Lifestyle Could aquatic therapy help with chronic fatigue?

Could aquatic therapy help with chronic fatigue?

For years, gentle water exercise has been recommended for people with muscle pain and fibromyalgia – which often inflicts fatigue as well as widespread pain and tenderness in the body.

Now researchers at Southern Cross University are investigating whether similar gentle water exercise could help people diagnosed with Chronic Fatigue Syndrome.

They’re asking people with CFS to take the plunge and join a new pilot study at Southern Cross University’s Lismore campus to assess the benefits of aquatic therapy as part of their treatment.

The research is particularly important because chronic fatigue sufferers tend to be sedentary, making them more prone to the onset of cardiovascular diseases, cancer and type-2 diabetes.
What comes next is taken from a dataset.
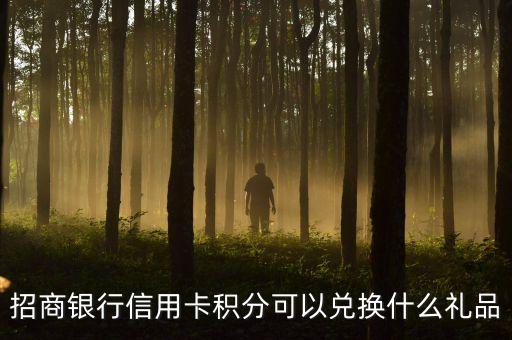 招商銀行信用卡積分可以兌換什么禮品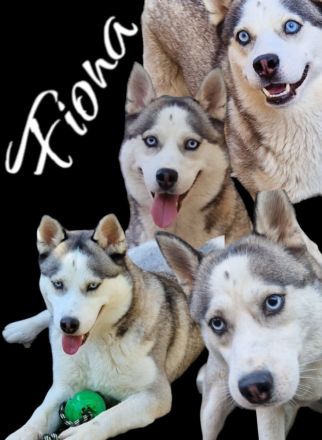 Pomsky Minihusky Welpen mit Papieren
The research team is looking for the optimal levels at which gentle exercise could help with blood pressure, heart rate, strength and flexibility – while avoiding the onset of fatigue symptoms.

“We are researching a novel approach to the management for Chronic Fatigue Syndrome,” said lead researcher Dr Suzanne Broadbent from the University’s School of Health and Human Sciences.

Chronic Fatigue Syndrome/Myalgic Encephalomyelitis (CFS/ME) is a debilitating condition where patients suffer from severe fatigue and malaise, especially after exertion.